------ Listed entries ------
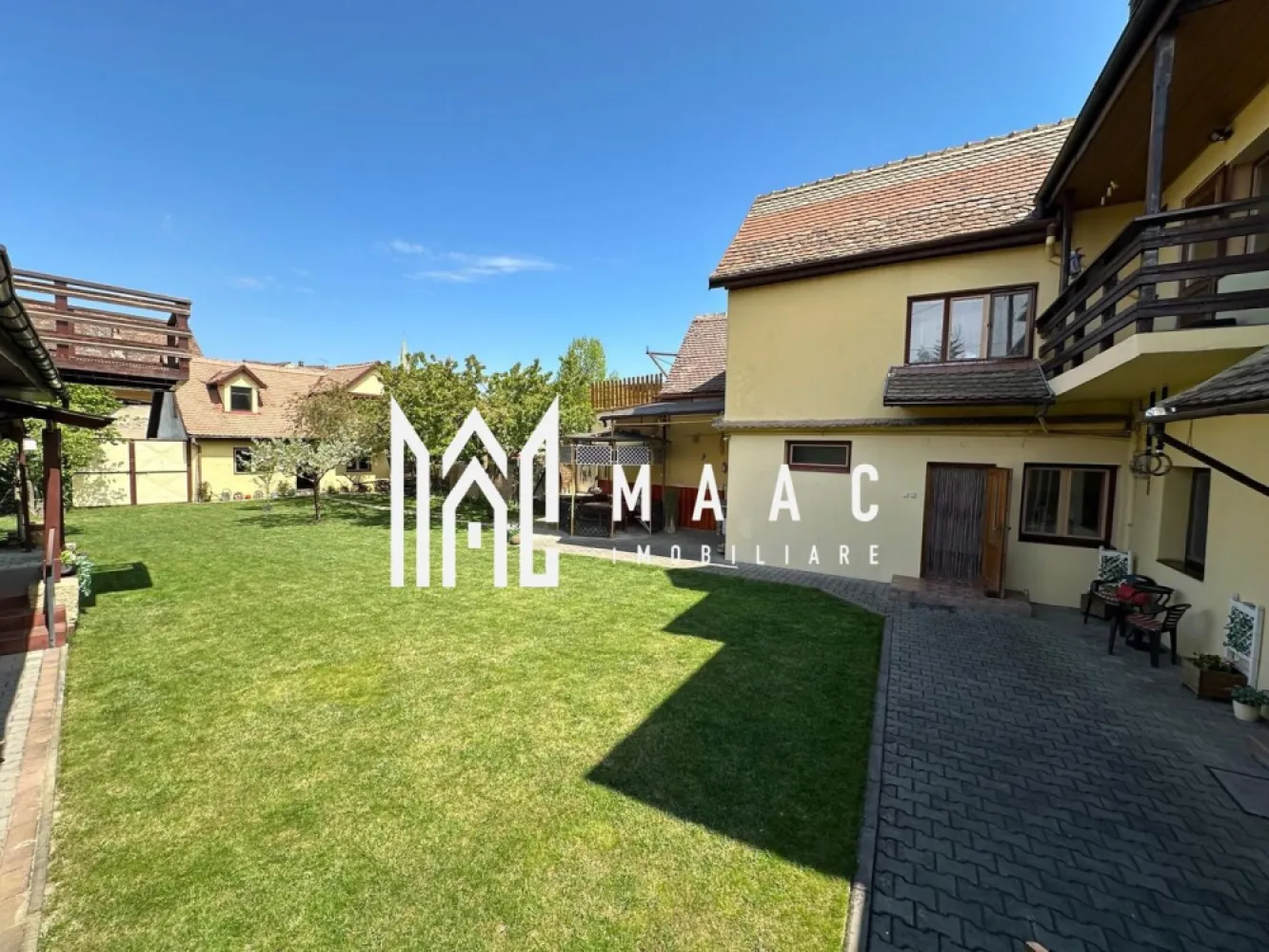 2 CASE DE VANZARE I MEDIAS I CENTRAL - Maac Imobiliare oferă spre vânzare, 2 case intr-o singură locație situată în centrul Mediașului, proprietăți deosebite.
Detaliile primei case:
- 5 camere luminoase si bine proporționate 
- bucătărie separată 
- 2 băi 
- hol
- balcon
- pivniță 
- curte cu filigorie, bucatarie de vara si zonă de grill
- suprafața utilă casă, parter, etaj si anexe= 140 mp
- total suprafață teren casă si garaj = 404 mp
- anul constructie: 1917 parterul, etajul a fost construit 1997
------
------ Listed entries ------
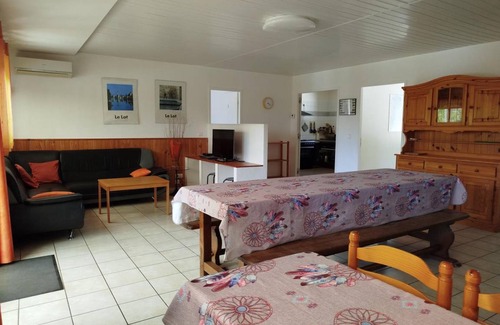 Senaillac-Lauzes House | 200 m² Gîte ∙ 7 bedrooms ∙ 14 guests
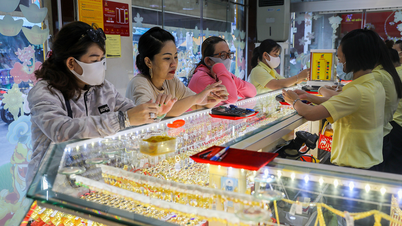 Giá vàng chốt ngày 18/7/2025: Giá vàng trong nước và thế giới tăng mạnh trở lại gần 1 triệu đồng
------
------ Listed entries ------
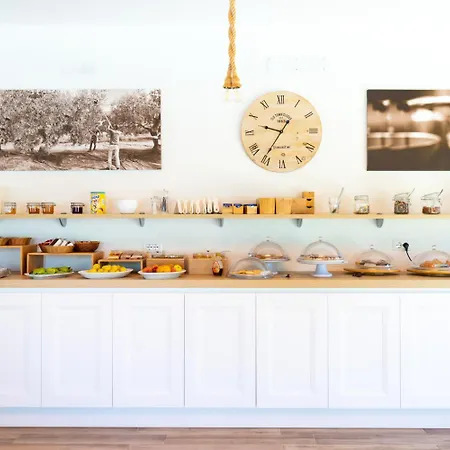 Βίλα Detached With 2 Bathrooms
------
From the records above, pick out and copy each line holding the word "casă".

- suprafața utilă casă, parter, etaj si anexe= 140 mp
- total suprafață teren casă si garaj = 404 mp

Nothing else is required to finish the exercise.